By 2005, Lampkin expects 10 percent of all agricultural land in western
Europe will be organic, farming that uses only animal or vegetable
fertilizers and does without chemical pesticides, growth hormones and the
like. Austria has already passed 10 percent; Switzerland and Sweden are not
far behind.
Bastin made the switch to organic in 1994.
"I'd had enough of chemical fertilizers. I wanted to work more with
nature, closer to the soil," Bastin explains as he feeds armfuls of hay to
his black-and-white Holstein-Friesian calves. "My grandfather did it that
way, why can't I?"
Bastin, who sells his milk to a nearby organic cheese maker, says there
are 15 organic dairy farmers in the Ardennes region of high plateau and
wooded valleys close to the German border in eastern Belgium, and 50 more
are in the process of converting their land to organic production.
Lampkin says the rapid development of organic production was facilitated
by EU legislation in the early 1990s that set common standards across the
15-nation bloc and allowed for government subsidies to help farmers break
their dependence on artificial fertilizers and pesticides.

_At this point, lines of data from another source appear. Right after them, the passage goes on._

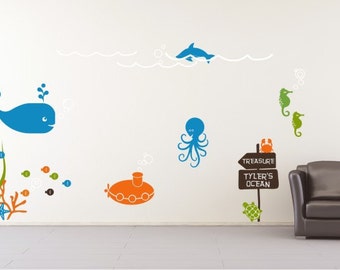 Nursery Underwater Ocean Scene Wall Decals Mural - Nursery Kids Wall Stickers Custom Home Decor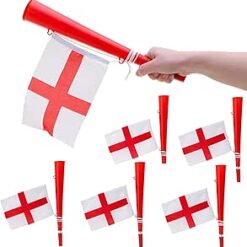 6 x England Flag and Horn - World Cup & Euros - Football Match Noisemakers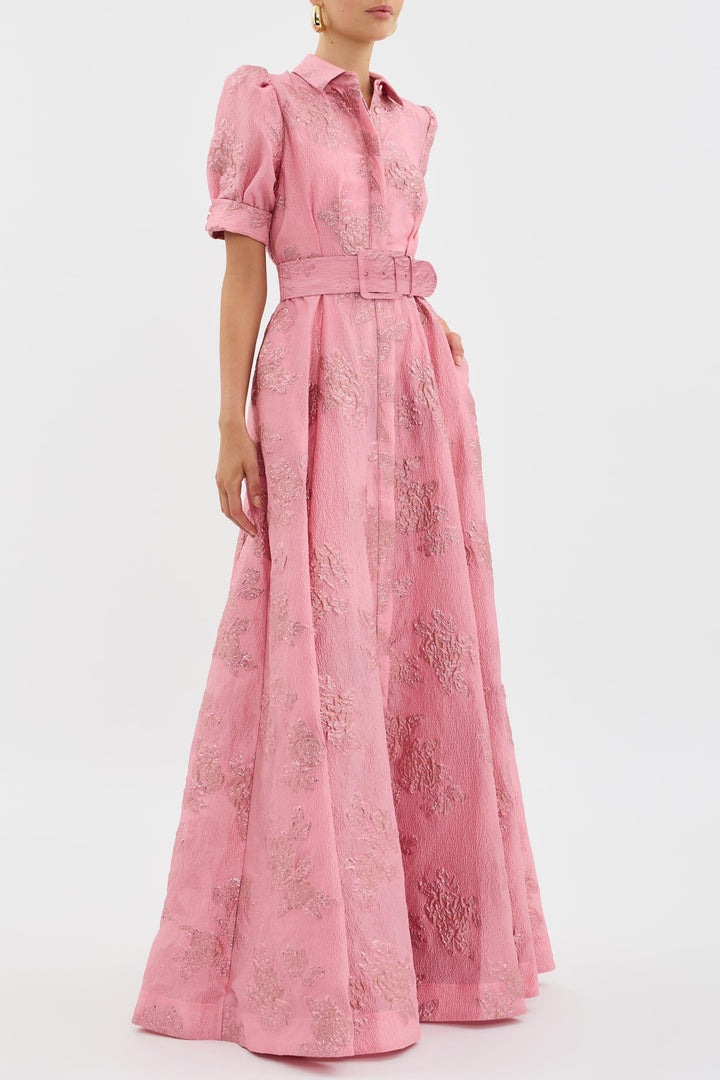 Beautiful pink maxi dress for women, a graceful choice for formal occasions and wedding guest attire.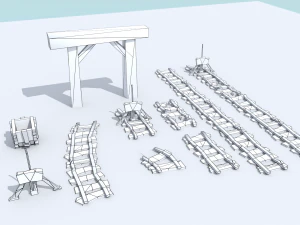 medieval mine cart tracks 3D Model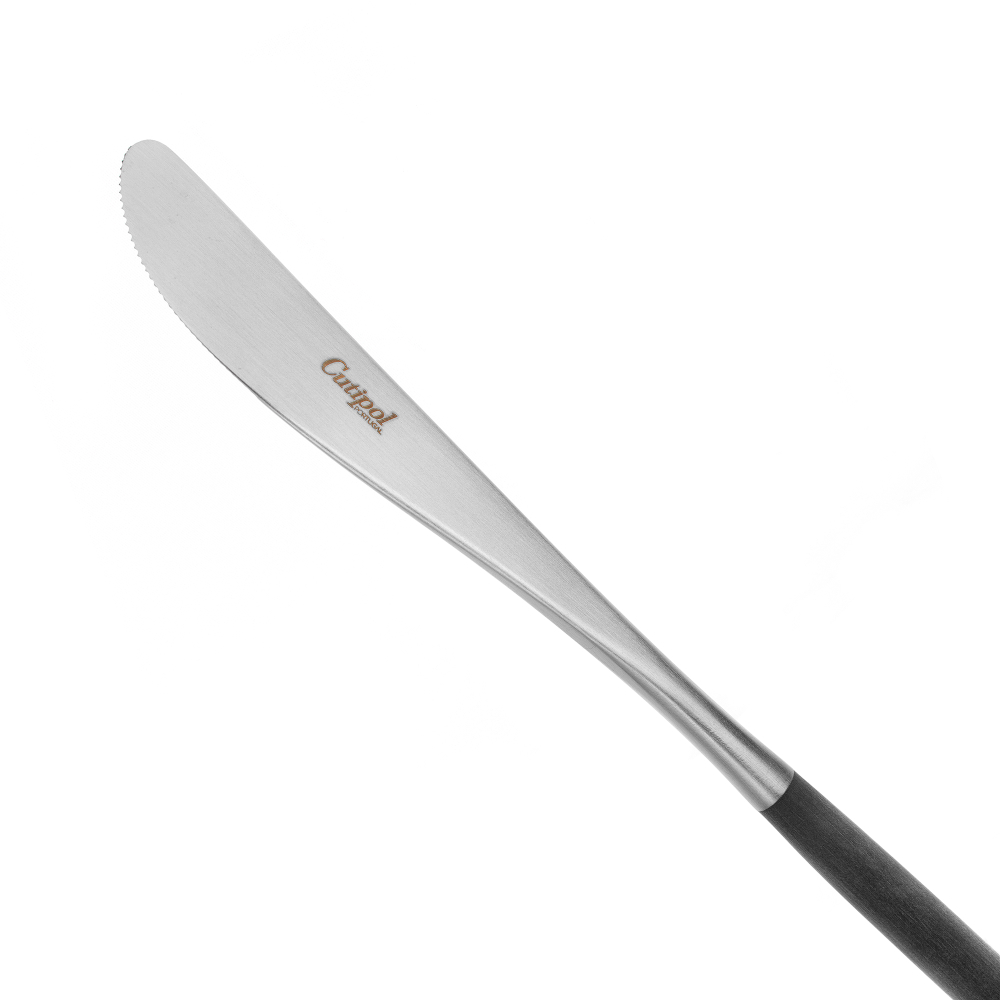 Набор столовых приборов на 6 персон 24 предмета Cutipol Mio matte с черными ручками в подарочной упаковке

The Belgian government paid Bastin $308 for each of his 135 acres during
the two-year statutory conversion period before his farm could be licensed
as organic.
Farmers can also get higher prices for organic goods. Although Bastin's
45 cows produce less now that they are on an organic diet, pint-for-pint,
he gets triple the price for his milk now.
In Belgium's Delhaize supermarket chain, six organic eggs sell for the
equivalent of $1.56, double the price of non-organic. Three organic leeks
are $2.09, compared to $1.25 for a bundle of five grown conventionally.
Delhaize is among a burgeoning number of European supermarkets that are
taking organic retailing out of the hands of the small farm stores that
have long pioneered bio-products.
"Organic products are becoming the number one choice for more and more
customers, and we have had to expand our range of lines to over 500," says
Andrew Sellick, organic buyer at Britain's Tesco PLC.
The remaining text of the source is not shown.